As of writing this there are 4,164 "confirmed" exoplanets. The other "candidate" planets require more study to be confirmed. The discovery method most often successful is the transit method as the exoplanet passes in between it's star and the telescope. The dimming of the light from that star can then be measured and the orbit studied.

I chose the Planetary Systems Alpha release dataset which is essentially all the planetary data combined. The data consists of 26,336 rows and 118 columns. Out of 118 columns some just had too many missing values, others were not helpful to predict if it's a confirmed planet, or the column variable was hard to understand. After all, understanding the data can be important to not leak training data to testing data.

Links to follow along:

The first thing was to explore the data columns. Initially I had 118 different data columns so I narrowed it down to 25. Out of these 22 were numeric data types and 3 were categorical types. I'm first going to describe the numeric columns of planetary data.

Numeric Columns

Heatmap

The heatmap shows any correlations between the columns.

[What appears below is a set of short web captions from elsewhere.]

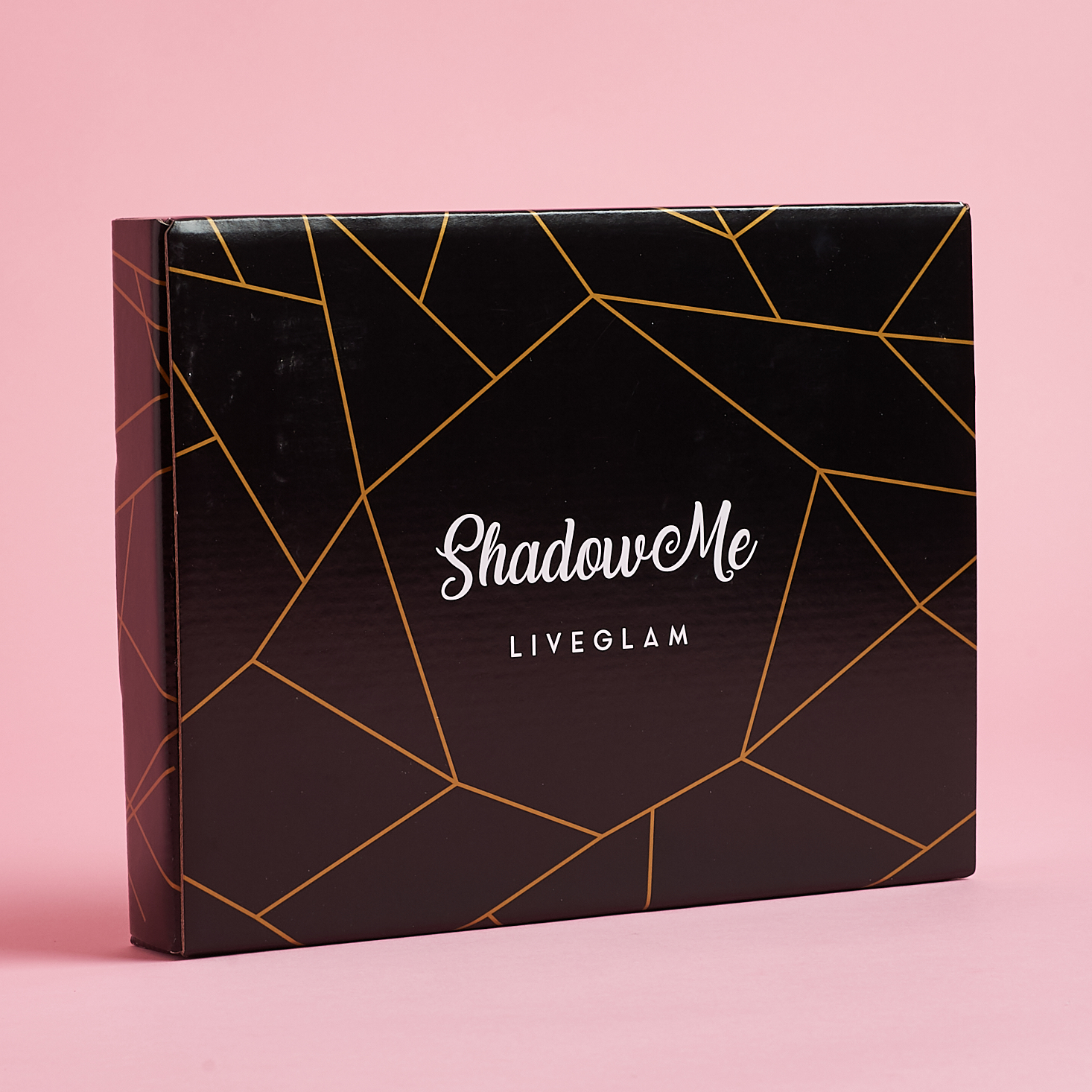 LiveGlam ShadowMe Palette Review + Coupon – December 2019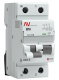 фото Автомат дифференциальный EKF rcbo6-1pn-16D-100-ac-av в Красноярске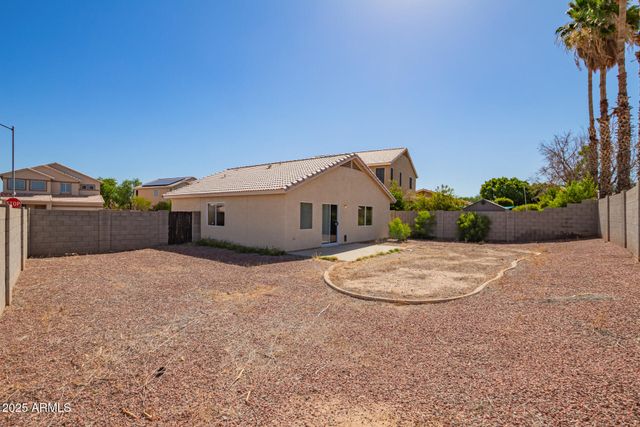 15440 W MAUNA LOA Lane, Surprise, AZ 85379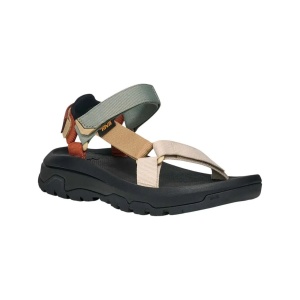 Sandale Femei Teva Hurricane XLT 3 Neutral Multi - Img 3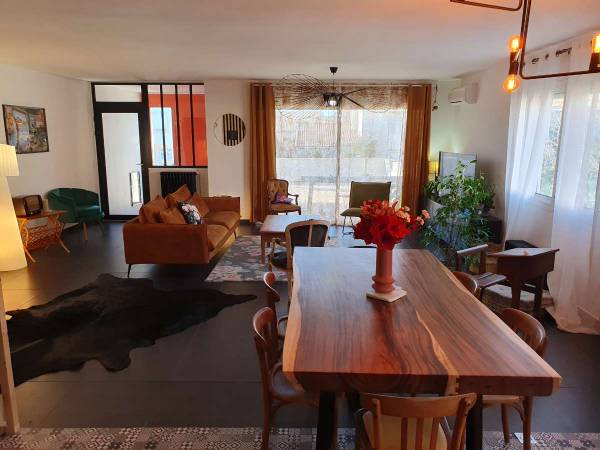 Colocation / Appartement 7 pièces de 168 m², Villeneuve-lès-Maguelone, Rue des Ibis / Photo 16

Each column shows up once on the left margin and again at the bottom.
The diagonal line is created because of course the column is highly correlated with itself.
"dec" and "ra" are the location cooridinates of the planets.
The columns beginning with "sy" refer to the planetary systems. Notice how they're grouped together and create a pattern.
The columns begining with "pl" refer to the exoplanets. "pl_radj" and "pl_rade" refer to the radii or radiuses of the planets measured in units of Jupiters and Earths. There are definitely some correlations among these.
The columns begining with "st" refer to the star the exoplanet orbits. Notice how these create a pattern.

"pl_eqt" is the planet's temperature.

This boxplot shows Confirmed planets in magenta have on average a warmer temperature.

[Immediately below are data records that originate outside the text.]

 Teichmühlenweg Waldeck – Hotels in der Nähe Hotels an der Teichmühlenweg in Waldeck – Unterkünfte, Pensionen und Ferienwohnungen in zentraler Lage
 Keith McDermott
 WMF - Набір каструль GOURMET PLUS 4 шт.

"pl_orbper" is orbit time in days and "pl_ratdor" is a ratio of distance from the planet to it's star.

This scatterplot shows Confirmed planets in teal are more closely grouped with shorter orbit times. Overall, the farther away a planet is the longer time it takes to orbit the star.

"pl_trandep" is flux caused by transit of the planet and "pl_radj" is the planet radius measured in Jupiter units.

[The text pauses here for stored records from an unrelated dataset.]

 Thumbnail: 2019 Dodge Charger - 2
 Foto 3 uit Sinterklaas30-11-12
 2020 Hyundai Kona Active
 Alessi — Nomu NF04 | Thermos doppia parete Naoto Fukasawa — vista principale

This scatterplot shows Confirmed planets in green cause more flux or change in brightness of the star by their transit. Overall, larger planets cause more flux.

"pl_trandurd" is the transit duration in hours. "pl_rade" is the planet radius in earth units. "st_mass" is the stellar mass (Click to enlarge).

The transit duration in hours will be a very important predictor (see feature importances) because it's longer for planets that have NOT been confirmed. The stellar masses on the y axis shows little difference. Planet radii on the color bar shows some differences especially if you zoom in. To zoom in click on the graph and there's a tool bar at the top right to zoom and a pan tool to see different areas.

"pl_imppar" is the distance of planet to star. "pl_ratror" is the ratio of planet to star radius.

This linear regression scatter plot shows Confirmed and Candidate planets are grouped differently. The linear trendlines are different too.

"pl_ratdor" is a ratio of distance from the planet to it's star. "pl_eqt" is the planet's temperature.

As the distance increases (X axis) the planet temperature decreases (y axis). So distance and temperature are correlated by if the planet is cooler it must be farther away from it's star. Overall, there's less distance from planet to it's star for confirmed planets.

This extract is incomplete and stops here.